If you’ve ever run a marathon (or any other organized distance run), you’ll have seen some pretty funny signs along the way. Some of my favorites from this past weekend were, ‘This is the worst parade ever!’, and ‘Chuck Norris never ran a marathon’ – though there were many others that made me laugh.
Some of the ABF team, along with Graham Sherman from Tool Shed Brewing, joined 110 other people at the Calgary Marathon to break a Guinness World Record for most people tied together to complete a marathon – all in support of @MitoCanada @TeamMitoCanada – whom the group managed to raise their goal of $150,000 for.
The record is a really cool thing, and definitely special, but when I reflect back on the day, the thing that most stands out is the people who were involved. There was Jerry – an 80 year old who has run the Boston Marathon 11 times among many other runs, who was still bouncing and smiling at the finish line. There were also a lot of first time marathoners, one of them just 15 years old. And others who were pretty hard core runners, one of whom who finished 2nd place in a 10km race in Ottawa on the Saturday, then flew back to Calgary to take part in the record attempt. Some people travelled from BC or Saskatchewan just to be there for the run.
The day started at 5:30am – everyone had to find their place, get signed in by the people monitoring the record attempt, and double check their equipment. We didn’t start running until all the other marathoners had gone – so about 7:10am. Because we were such a large group, we couldn’t stop at the many water stations along the course http://kamagrawiki.org (manned by hundreds of cheering and amazing volunteers!). We had 3 separate stations set up just for our group at 12, 24, and 36 kms. We stopped at each station for 15 minutes (it takes a while to get that many people to pee all at once). Due to logistics and working together as a team, it ended up taking us over 6 hours to complete the race. For some, this was just a short training run for the ultras they were going to do in the coming months, while others were struggling mightily from early on in the race and were encouraged every step of the way by their team members.
When I look back later, I’m sure I’ll continue to think the World Record is a pretty cool thing even if someone breaks it – but the things I’ll remember the most are the people we did this with and why we were there.
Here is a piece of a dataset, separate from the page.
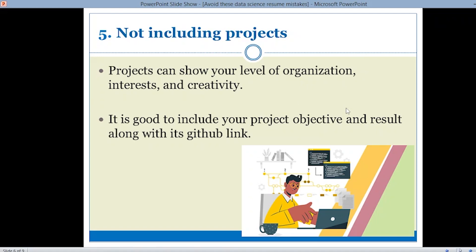The next mistake is not including projects. Being a data scientist, you should always have the habit of working on projects, because having knowledge alone is not enough — you should also learn to apply that knowledge on real-time projects or case studies. Include as many projects as possible, but keep them relevant to your job role. Projects can show your level of organization, interest, and creativity. When mentioning a project in the resume, avoid long descriptions — instead, describe it in two points: the objective and the result. Also, don't forget to attach your GitHub link.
I’ll remember the cheering leading up to every kilometer mark, the singing of the national anthem as a group, the shouting every time we passed under a bridge, and the amount of positive energy emanating from such an incredible group of people. We were proud and humbled to be part of such an amazing group who were working hard for such a great cause.
If you really want to know what it was all about, watch this video. https://vimeo.com/134243796
And even though the group was able to raise their target goal and break the Guinness World Record, the fight against mitochondrial disease is far from over. If you can donate even a little bit, it would be greatly appreciated.
Thanks to Blaine and Sarah Penny for all they do – they are an inspiration.